BEGIN Data listing

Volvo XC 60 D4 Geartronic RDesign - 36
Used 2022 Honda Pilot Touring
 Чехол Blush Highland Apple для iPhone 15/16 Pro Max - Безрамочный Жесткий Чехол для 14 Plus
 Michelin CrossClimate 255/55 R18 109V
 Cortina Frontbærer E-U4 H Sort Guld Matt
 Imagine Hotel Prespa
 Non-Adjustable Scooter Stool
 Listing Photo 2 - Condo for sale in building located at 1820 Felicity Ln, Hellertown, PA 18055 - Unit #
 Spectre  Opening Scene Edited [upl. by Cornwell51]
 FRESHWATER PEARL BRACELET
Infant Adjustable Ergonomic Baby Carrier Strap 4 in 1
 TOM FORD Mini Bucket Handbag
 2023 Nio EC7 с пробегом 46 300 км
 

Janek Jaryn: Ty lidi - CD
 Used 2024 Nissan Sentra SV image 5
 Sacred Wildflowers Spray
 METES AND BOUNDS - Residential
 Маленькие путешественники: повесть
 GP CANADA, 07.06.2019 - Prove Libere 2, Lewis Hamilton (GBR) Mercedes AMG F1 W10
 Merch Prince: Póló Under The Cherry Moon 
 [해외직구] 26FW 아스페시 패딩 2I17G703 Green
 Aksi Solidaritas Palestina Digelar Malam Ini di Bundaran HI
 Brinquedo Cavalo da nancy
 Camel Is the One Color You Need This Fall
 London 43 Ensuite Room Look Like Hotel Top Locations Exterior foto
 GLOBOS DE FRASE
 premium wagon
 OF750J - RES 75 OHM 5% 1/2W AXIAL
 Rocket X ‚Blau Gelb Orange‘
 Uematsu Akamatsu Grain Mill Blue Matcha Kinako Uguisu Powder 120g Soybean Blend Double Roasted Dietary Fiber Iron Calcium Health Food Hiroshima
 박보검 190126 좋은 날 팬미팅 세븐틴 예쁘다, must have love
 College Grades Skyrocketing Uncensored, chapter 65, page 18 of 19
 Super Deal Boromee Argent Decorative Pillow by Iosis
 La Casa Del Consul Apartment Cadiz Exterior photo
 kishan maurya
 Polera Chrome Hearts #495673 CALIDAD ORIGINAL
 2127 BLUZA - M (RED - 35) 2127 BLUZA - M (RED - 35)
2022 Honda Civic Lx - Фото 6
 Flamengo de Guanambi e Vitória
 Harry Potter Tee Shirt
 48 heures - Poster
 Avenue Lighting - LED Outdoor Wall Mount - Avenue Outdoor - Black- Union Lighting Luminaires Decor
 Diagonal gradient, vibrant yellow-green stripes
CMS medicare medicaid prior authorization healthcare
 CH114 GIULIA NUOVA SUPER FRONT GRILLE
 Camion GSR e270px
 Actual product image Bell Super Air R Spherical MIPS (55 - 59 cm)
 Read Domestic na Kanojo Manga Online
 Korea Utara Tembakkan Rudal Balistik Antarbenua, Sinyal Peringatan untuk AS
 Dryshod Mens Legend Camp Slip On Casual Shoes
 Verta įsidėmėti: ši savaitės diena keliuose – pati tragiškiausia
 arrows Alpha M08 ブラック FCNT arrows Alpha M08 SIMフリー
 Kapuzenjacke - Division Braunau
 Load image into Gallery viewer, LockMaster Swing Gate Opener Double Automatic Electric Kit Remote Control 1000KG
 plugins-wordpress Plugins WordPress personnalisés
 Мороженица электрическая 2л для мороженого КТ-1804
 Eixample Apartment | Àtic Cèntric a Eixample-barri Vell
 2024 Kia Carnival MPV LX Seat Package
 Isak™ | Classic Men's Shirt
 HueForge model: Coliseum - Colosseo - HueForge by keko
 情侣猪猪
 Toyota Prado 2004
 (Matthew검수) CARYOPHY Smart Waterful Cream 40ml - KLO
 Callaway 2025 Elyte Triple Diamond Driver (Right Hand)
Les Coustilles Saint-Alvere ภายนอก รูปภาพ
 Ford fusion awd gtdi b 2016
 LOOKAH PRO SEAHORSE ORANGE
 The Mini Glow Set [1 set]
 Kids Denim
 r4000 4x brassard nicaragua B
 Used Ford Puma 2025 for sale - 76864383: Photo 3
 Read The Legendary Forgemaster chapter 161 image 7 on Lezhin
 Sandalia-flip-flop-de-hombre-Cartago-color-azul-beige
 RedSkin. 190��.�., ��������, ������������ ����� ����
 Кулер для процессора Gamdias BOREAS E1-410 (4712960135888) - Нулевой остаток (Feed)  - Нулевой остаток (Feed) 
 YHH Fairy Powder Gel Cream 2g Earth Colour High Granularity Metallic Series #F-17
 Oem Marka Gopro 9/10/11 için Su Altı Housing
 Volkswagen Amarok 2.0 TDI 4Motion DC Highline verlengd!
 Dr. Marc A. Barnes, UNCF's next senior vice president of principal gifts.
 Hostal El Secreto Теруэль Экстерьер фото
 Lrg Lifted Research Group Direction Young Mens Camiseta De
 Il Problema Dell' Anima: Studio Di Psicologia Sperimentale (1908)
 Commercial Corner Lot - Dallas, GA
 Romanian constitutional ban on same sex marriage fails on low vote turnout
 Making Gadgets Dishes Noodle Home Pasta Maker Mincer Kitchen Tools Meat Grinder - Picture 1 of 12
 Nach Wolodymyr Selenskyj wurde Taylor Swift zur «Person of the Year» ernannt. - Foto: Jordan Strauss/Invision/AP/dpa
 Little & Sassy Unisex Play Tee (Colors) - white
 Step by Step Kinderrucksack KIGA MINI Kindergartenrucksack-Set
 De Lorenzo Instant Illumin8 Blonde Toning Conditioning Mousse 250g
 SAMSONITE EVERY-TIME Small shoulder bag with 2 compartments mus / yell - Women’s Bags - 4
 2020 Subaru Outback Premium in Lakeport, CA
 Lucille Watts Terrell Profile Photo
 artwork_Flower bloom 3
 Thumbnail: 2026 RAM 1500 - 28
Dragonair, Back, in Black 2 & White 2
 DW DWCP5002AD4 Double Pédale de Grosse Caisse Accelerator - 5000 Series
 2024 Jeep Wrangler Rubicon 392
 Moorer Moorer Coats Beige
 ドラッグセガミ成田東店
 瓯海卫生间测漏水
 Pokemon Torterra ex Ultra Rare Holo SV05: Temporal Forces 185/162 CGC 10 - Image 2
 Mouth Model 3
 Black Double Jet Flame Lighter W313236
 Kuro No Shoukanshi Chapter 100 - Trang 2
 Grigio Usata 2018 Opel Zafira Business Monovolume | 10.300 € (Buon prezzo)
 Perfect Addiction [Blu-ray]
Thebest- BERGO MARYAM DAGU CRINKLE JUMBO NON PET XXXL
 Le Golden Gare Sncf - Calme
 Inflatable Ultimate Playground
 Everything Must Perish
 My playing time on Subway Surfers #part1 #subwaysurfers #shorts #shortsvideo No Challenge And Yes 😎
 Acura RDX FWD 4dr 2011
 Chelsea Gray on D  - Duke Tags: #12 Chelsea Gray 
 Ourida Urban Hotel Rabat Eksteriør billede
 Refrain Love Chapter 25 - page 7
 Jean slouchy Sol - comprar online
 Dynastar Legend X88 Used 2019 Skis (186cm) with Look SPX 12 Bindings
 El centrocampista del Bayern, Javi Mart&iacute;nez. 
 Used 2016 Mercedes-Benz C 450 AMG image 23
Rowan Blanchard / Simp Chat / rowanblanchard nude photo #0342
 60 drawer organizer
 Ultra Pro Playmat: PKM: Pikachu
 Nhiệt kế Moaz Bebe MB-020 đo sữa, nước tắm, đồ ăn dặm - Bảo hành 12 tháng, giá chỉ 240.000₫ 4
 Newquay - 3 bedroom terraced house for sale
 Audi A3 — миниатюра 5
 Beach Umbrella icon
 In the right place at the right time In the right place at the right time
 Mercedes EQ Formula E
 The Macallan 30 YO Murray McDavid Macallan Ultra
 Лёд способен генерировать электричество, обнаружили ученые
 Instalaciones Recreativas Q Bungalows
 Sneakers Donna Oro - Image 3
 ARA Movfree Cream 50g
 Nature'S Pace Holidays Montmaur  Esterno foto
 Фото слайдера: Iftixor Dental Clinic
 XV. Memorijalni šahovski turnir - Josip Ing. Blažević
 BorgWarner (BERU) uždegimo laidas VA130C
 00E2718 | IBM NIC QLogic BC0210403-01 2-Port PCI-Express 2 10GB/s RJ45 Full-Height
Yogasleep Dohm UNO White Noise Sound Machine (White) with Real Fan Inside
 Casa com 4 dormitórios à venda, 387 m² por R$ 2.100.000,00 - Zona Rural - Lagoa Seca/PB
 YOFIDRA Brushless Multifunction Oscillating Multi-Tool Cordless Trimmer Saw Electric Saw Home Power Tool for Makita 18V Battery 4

END Data listing

__Directions__. Going back over the entries above, copy word for word every line from the one that has "Sacred Wildflowers Spray" on through the one that has "Rocket X ‚Blau Gelb Orange‘".

__Result for this task__.
 Sacred Wildflowers Spray
 METES AND BOUNDS - Residential
 Маленькие путешественники: повесть
 GP CANADA, 07.06.2019 - Prove Libere 2, Lewis Hamilton (GBR) Mercedes AMG F1 W10
 Merch Prince: Póló Under The Cherry Moon 
 [해외직구] 26FW 아스페시 패딩 2I17G703 Green
 Aksi Solidaritas Palestina Digelar Malam Ini di Bundaran HI
 Brinquedo Cavalo da nancy
 Camel Is the One Color You Need This Fall
 London 43 Ensuite Room Look Like Hotel Top Locations Exterior foto
 GLOBOS DE FRASE
 premium wagon
 OF750J - RES 75 OHM 5% 1/2W AXIAL
 Rocket X ‚Blau Gelb Orange‘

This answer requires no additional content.